Many Covid-19 vaccine candidates have reached phase 3 clinical trials, and the world is hopeful that one or more candidates will clear the regulatory demands and be authorised for commercial deployment in the near future.
While the wait remains, India must look ahead and start deploying strategies for prioritisation and distribution of the vaccine once it becomes ready. Although it would be ideal to immunise every individual as soon as the vaccine is approved, practically it won’t be feasible.
The production capacity will be the rate-limiting step and hence, initial supplies will be limited. Additionally, the logistics of distribution and administrative capacity of vaccines in a large country like ours could potentially cause delays in making the vaccine available to everyone.
So, it may take many months until everyone is immunised.
In such a case, a plan is essential to prioritise the groups who need to be vaccinated urgently and groups who can wait until supplies increase.
Who should wait
Clinical trials usually take an average of six to seven years. Even then, no vaccine is 100 per cent effective. However, the pandemic has expedited the speed at which the clinical trials are run and a potential vaccine could be made available within a year.
Considering that the vaccine is approved following the highest safety standards, its effectiveness is still uncertain. Due to weak immune responses in older adults, they would still require a higher dose of the vaccine for it to be effective. Hence, it is best to avoid vaccinating older adults in the first phase until more information is made available.
The current clinical trials are based on healthy adult volunteers (18-55 years) with no comorbidities. As limited evidence will be available from the trials for the safety and efficacy of the vaccine for individuals with co-morbidities (eg, diabetes, cardiovascular disease, chronic kidney disease, etc), rare diseases, and children, they may need protection from infection through indirect means. Also, with the data available so far, children are half as susceptible to SARS-CoV-2 as adults. Therefore, they can be protected from infection by immunising their contacts.
Economic and social wellbeing is the need of the hour. In response to the pandemic, lockdowns were imposed to curb the spread of the virus. This led to the closure of many businesses and, as a result, reduced economic activity, increase in unemployment and food and housing insecurity. Societal interactions have also been disrupted. Thus, along with public health, the focus of any vaccination strategy should take into account economic and social wellbeing.
3-phase vaccination strategy
A pragmatic approach would be to identify living and working conditions that have demonstrated an increased risk of exposure to Covid-19 infection.
In the initial phase, the vaccination should be provided to healthcare workers who are in contact with Covid-19 patients, such as healthcare workers and emergency medical services personnel.
Although they use personal protective equipment (PPE), they aren’t completely protected and are still at a high risk of infection. Prioritising frontline healthcare workers also protects the healthcare system.
Workers who are deputed for the vaccination campaign — vaccinators and supply chain workers — should be next in line as they will be exposed to thousands of people who could be Covid carriers. Similarly, other essential workers in sectors like transportation, food system, warehouse, and delivery who are at a higher risk of infection, should be prioritised.
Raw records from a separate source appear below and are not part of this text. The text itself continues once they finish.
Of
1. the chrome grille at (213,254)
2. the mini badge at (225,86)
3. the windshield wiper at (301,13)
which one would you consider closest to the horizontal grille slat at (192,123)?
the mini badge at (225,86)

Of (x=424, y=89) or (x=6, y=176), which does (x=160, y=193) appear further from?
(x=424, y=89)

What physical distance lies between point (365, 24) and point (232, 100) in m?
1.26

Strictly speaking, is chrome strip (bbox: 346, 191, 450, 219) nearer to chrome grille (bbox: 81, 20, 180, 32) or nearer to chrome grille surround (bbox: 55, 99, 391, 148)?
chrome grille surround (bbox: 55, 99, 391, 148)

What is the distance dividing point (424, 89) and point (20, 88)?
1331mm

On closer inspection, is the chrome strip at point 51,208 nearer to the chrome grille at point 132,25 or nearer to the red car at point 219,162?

This is critical as it protects essential services and enables ramping up economic activity.
Phase 2 of the vaccination strategy could focus on protecting other essential service personnel who are needed to maintain public safety and health. Personnel involved in emergency services, public health, police, healthcare support staff, maintenance services, and workers operating electricity, water, sanitation, financial and fuel infrastructure need to be vaccinated.
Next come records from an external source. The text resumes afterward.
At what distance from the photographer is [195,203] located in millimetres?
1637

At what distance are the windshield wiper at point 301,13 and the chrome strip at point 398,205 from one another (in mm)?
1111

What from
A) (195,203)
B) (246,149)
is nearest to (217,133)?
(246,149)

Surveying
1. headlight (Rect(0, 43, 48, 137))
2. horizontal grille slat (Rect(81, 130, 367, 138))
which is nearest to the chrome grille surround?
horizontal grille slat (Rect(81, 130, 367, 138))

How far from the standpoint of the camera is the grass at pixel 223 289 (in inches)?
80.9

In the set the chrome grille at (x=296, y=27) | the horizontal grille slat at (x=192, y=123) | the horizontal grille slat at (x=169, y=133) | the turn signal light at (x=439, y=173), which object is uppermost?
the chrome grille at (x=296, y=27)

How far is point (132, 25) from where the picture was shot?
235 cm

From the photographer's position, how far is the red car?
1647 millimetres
To enable more economic activity to resume, other essential and non-essential workers who cannot work remotely and have higher infection risk in their workplace, such as retail and industry workers, need to be immunised.
The groups that can be immunised during phase 3 of the strategy are those involved in educational sectors, household contacts of persons with co-morbidities, farmworkers, others who cannot work remotely. The final phase can then vaccinate everyone else.
States will play a crucial role, transparency a must
While all groups should be offered a vaccine concurrently, it is only possible if enough of the vaccine is available at the beginning. Since this scenario is unlikely, hard choices must be made.
Once more than one vaccine candidate is available in the public domain, more people can be immunised at the same time.
It is expected that the prioritisation and distribution plan might be formulated centrally, however, much of the implementation will be done by the state and locally.
Therefore, states should further plan to ensure vaccination is distributed and administered to the targeted groups, especially those that may be hard to reach. Finally, any allocations should be made transparent to the public alongside the reasoning to prevent any social tensions and confusions.
(Manjeera Gowravaram has a Ph.D. in RNA Biochemistry from Freie Universität Berlin and is a participant in Takshashila Institution’s GCPP (HLS) programme.)